**DATA SUPPLIED**.

┌──

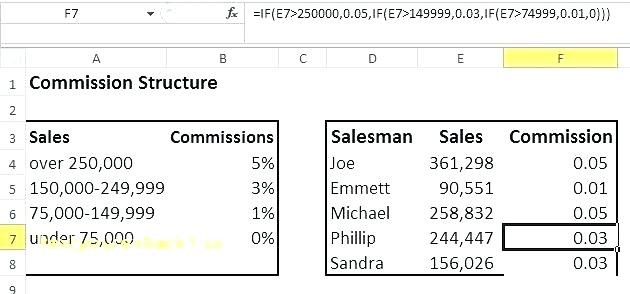 Commission Pay Structure Template Dazzleshots Info Document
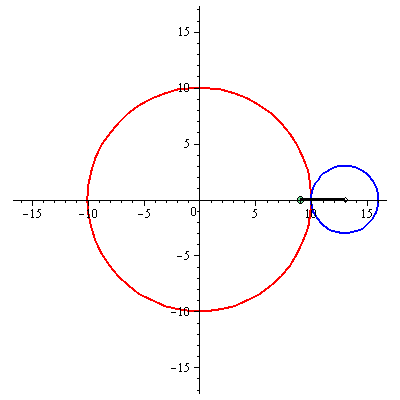Plot_2d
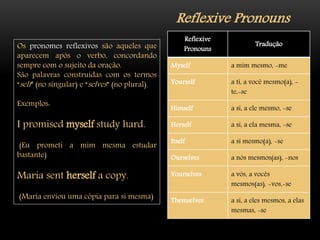 Reflexive Pronouns
Reflexive
Pronouns
Tradução
Myself a mim mesmo, -me
Yourself a ti, a você mesmo(a), -
te,-se
Himself a si, a ele mesmo, -se
Herself a si, a ela mesma, -se
Itself a si mesmo(a), -se
Ourselves a nós mesmos(as), -nos
Yourselves a vós, a vocês
mesmos(as), -vos,-se
Themselves a si, a eles mesmos, a elas
mesmas, -se
Os pronomes reflexivos são aqueles que
aparecem após o verbo, concordando
sempre com o sujeito da oração.
São palavras construídas com os termos
“self” (no singular) e “selves” (no plural).
Exemplos:
I promised myself study hard.
(Eu prometi a mim mesma estudar
bastante)
Maria sent herself a copy.
(Maria enviou uma cópia para si mesma)
 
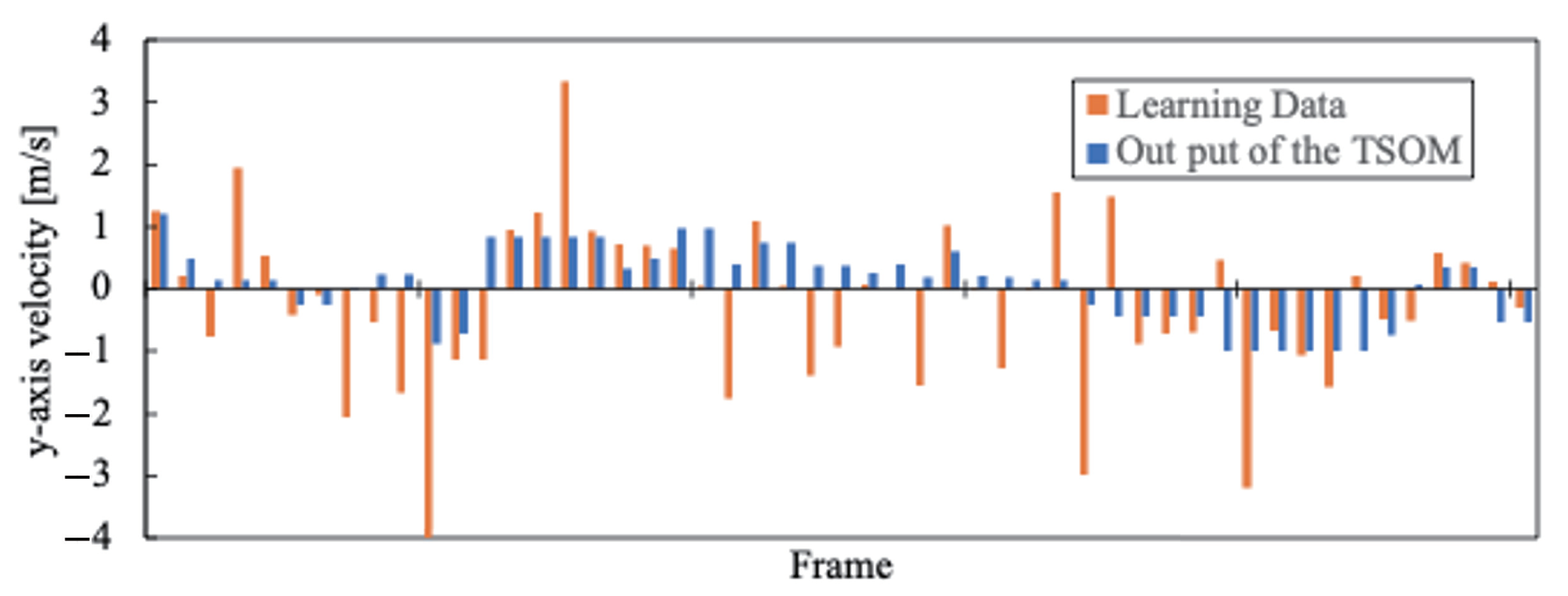 Applsci 15 05088 g015
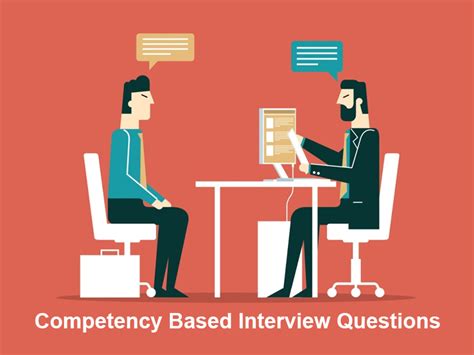 Top Competency Based Interview Questions In With Answers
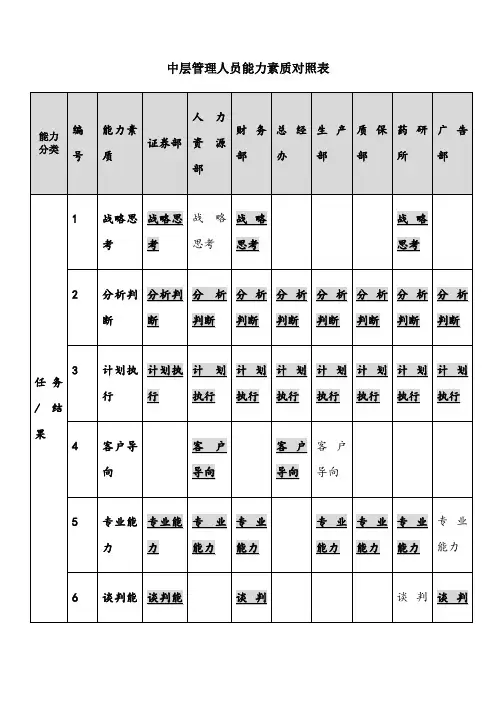 中层管理人员能力素质对照表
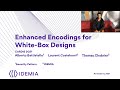 Advanced Encoding Techniques for Secure White-Box Implementations 🔐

└──

**TASK DETAILS**.
Only the text is to be copied: please reproduce the records exactly and drop the pictures.

**ANSWER AREA**.
 Commission Pay Structure Template Dazzleshots Info Document
Plot_2d
 Reflexive Pronouns
Reflexive
Pronouns
Tradução
Myself a mim mesmo, -me
Yourself a ti, a você mesmo(a), -
te,-se
Himself a si, a ele mesmo, -se
Herself a si, a ela mesma, -se
Itself a si mesmo(a), -se
Ourselves a nós mesmos(as), -nos
Yourselves a vós, a vocês
mesmos(as), -vos,-se
Themselves a si, a eles mesmos, a elas
mesmas, -se
Os pronomes reflexivos são aqueles que
aparecem após o verbo, concordando
sempre com o sujeito da oração.
São palavras construídas com os termos
“self” (no singular) e “selves” (no plural).
Exemplos:
I promised myself study hard.
(Eu prometi a mim mesma estudar
bastante)
Maria sent herself a copy.
(Maria enviou uma cópia para si mesma)
 
 Applsci 15 05088 g015
 Top Competency Based Interview Questions In With Answers
 中层管理人员能力素质对照表
 Advanced Encoding Techniques for Secure White-Box Implementations 🔐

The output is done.